Action item
Carry none of the pictures over; write out the complete data exactly.

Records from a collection
▽

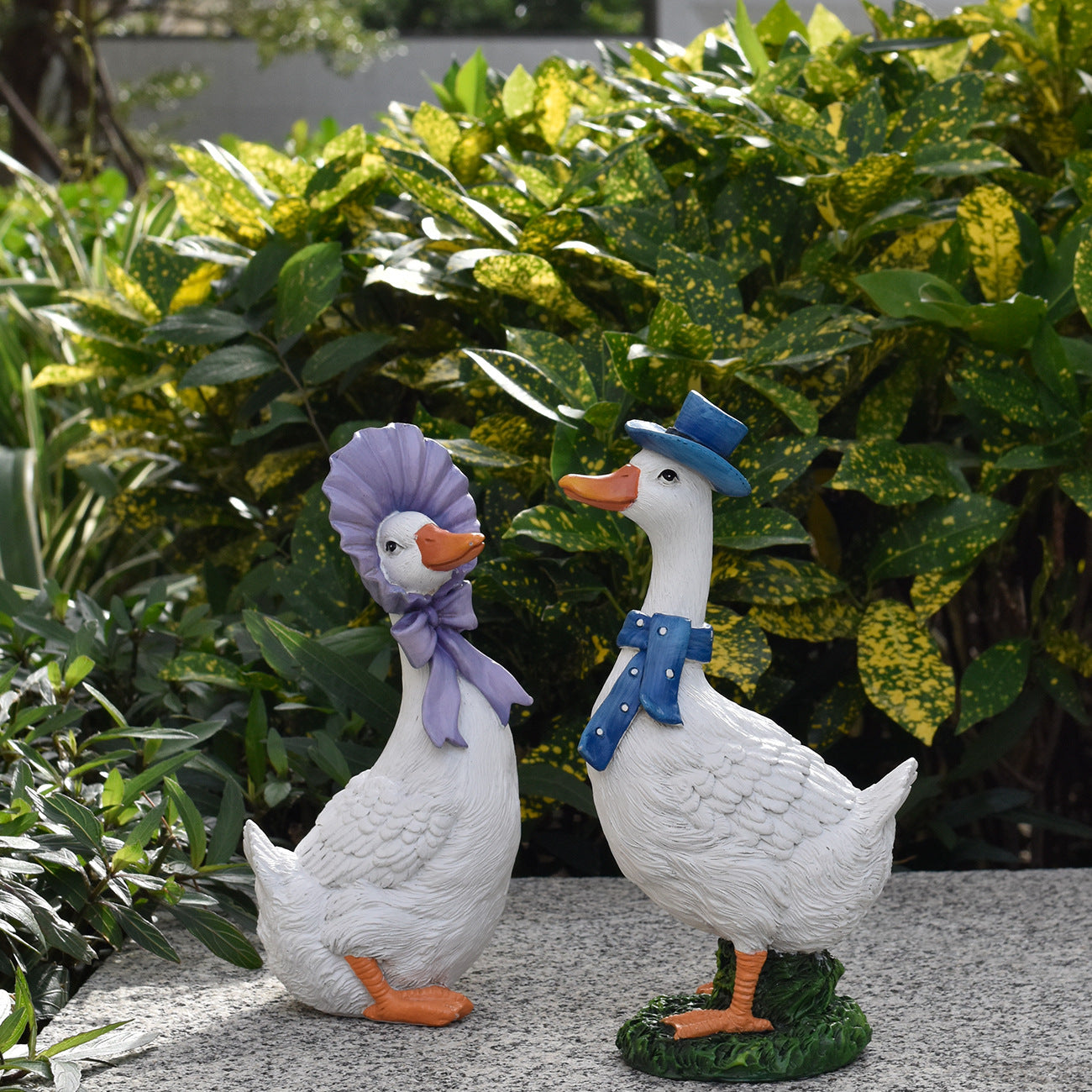 Decorative Garden Duck Figurine Homeandso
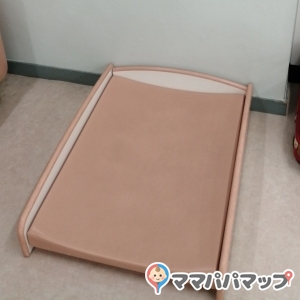 オムツ替え台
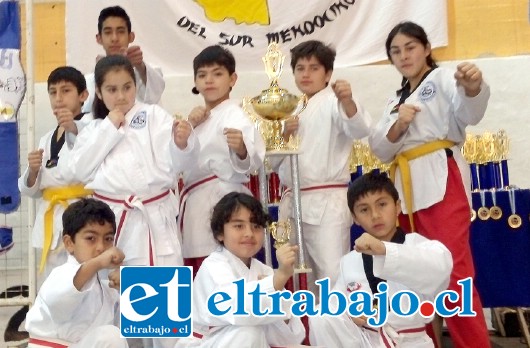 ¿QUIÉN SE ATREVE?.- Estos pequeños deportistas ya están acostumbrados a ganar copas e importantes trofeos.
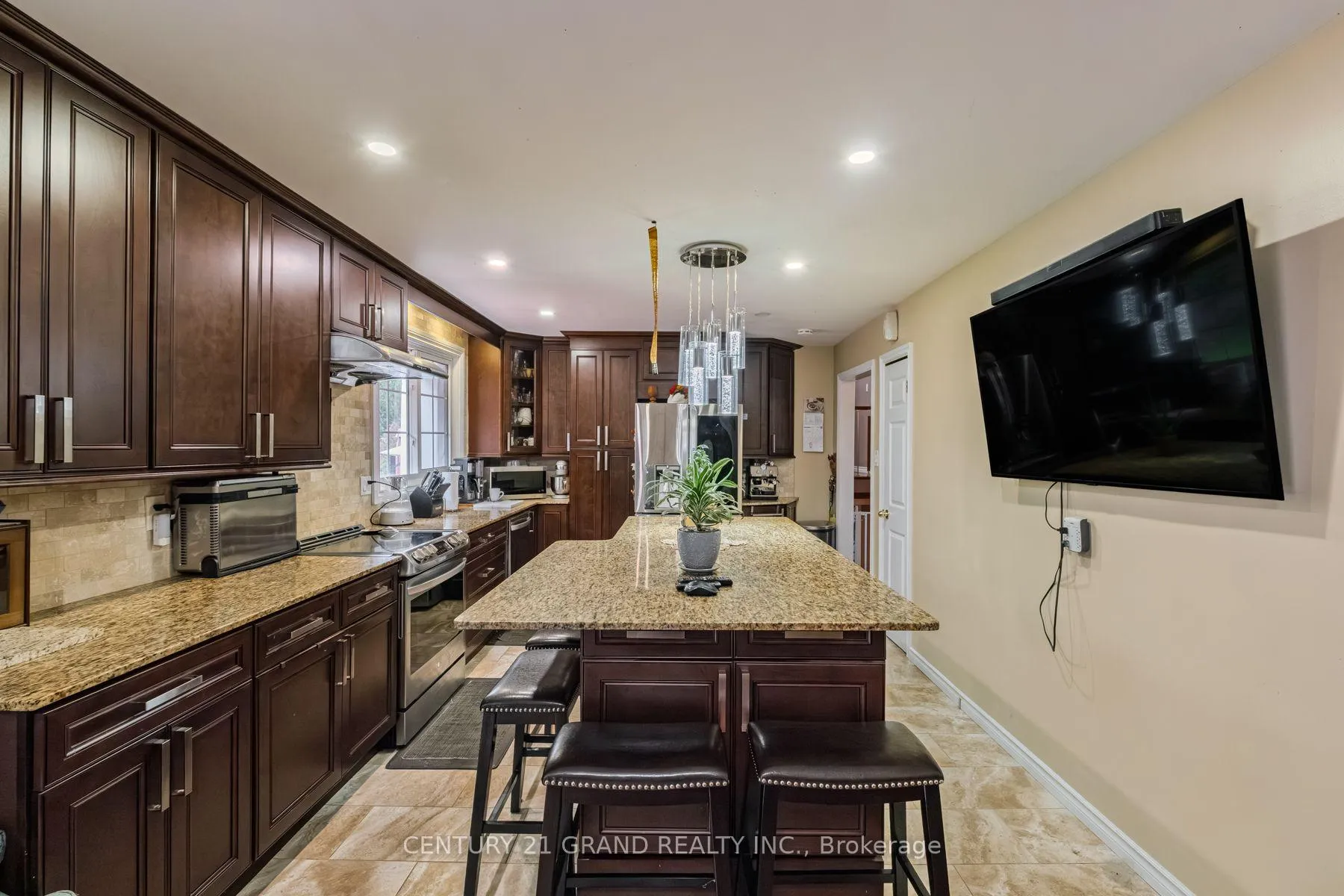 Photo 27 of 2104 Governors Road, Hamilton, Rural Ancaster — HOMEH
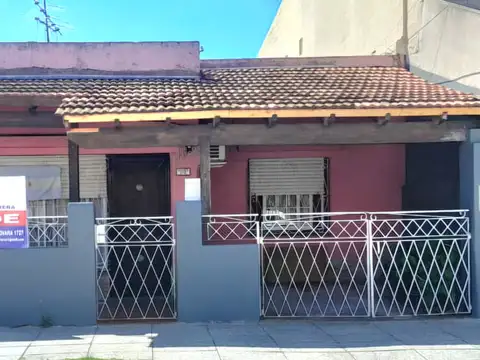 Venta casa 4 amb con amplio fondo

△

Finished exercise
 Decorative Garden Duck Figurine Homeandso
 オムツ替え台
 ¿QUIÉN SE ATREVE?.- Estos pequeños deportistas ya están acostumbrados a ganar copas e importantes trofeos.
 Photo 27 of 2104 Governors Road, Hamilton, Rural Ancaster — HOMEH
 Venta casa 4 amb con amplio fondo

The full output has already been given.